Rupert Peyton submitted an article to The Plain Dealing Progress April 11, 1947 issue about “Mamma” Gray, Grand Old Lady who was about to celebrate her 85th birthday. His article is reprinted here in part.
“That was the year that Roosevelt the First shook his big stick, an earthquake shook San Francisco, the boll weevil crossed the Rio Grande and cotton rose to ten cents a pound. That was the year that the cyclone tore Gilliam and Bolinger to splinters, blew down Uncle Hi Simpkins’ barn, tore up Papa’s back rail fence and, incidentally killed several people. That was the year they put the mosque dome on the Plain Dealing bank, the Great Van Amburg Circus came to town. Old Man Winn got drunk and make himself a spectacle of supine inebriation on the roadside, where he was viewed with varying degrees of horror by the pious brethren and sisters of Walker’s Chapel and Old Salem.”

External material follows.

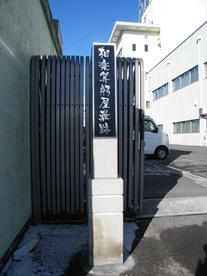 屋外の晴天の下、白い石造りの台座の上に「相楽等躬屋敷跡」と黒地に白の筆文字で記された縦長の石碑が立っており、背景には蛇腹式のゲートや白い建物、青空が広がる史跡の風景を捉えた写真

“That was the year I met Miss Mollie.”
“I am just one of a million persons who have met this Grand Old Lady of North Louisiana, South Arkansas and parts thereabouts, but my first meeting with Miss Mollie was a bit unusual. For the sake of the newcomers to the land of Ark-La-Tex, ‘Miss Mollie’ is none other than Mrs. Mollie Banks Curry Gray. But if you have lived in these parts for an appreciable time you already know that. Although Mrs. Gray claims Plain Dealing as her habitat, all North Louisiana lays some sort of claim to her citizenship, for she is at home in any part of the area that she goes.”
“On that day fate brought me in contact with Miss Mollie for the first time. I was a very small boy who had come to town to purchase a brand new suit of clothes which, if the cotton crop was good enough occurred once a year about ginning time. As the boll weevil had not crossed the Smith and Wesson line from Texas, the crop that year was good enough to afford me a $3.50 hand-me-down at Mr. Frank Kirthley’s store. After I became the proud possessor of said suit, with caop to match, I had to stroll in my finery down Palmetto Avenue. (Yes, there’s a Palmetto Avenue in Plain Dealing, but nary a palmetto grows on it.) I came to the site where they were building the bank. I was fascinated by the dome which was quite incongruous to the scene—Mohammedan architecture in a citadel of Baptists, Methodists and Presbyterians.”
“As I gazed upon this unusual piece of structure, two boys bent upon deviltry approached me, snatched my cop and fled. I pursued them, yelling my indignation as loudly as possible. My tormentors were having the time of their lives when suddenly a sharp command spoiled their malicious fun.”
“’Give back that boy’s cap!,’ a woman’s voice rang out with authority. With a meek ‘Yes, Miss Mollie,’ the lads returned my cap.”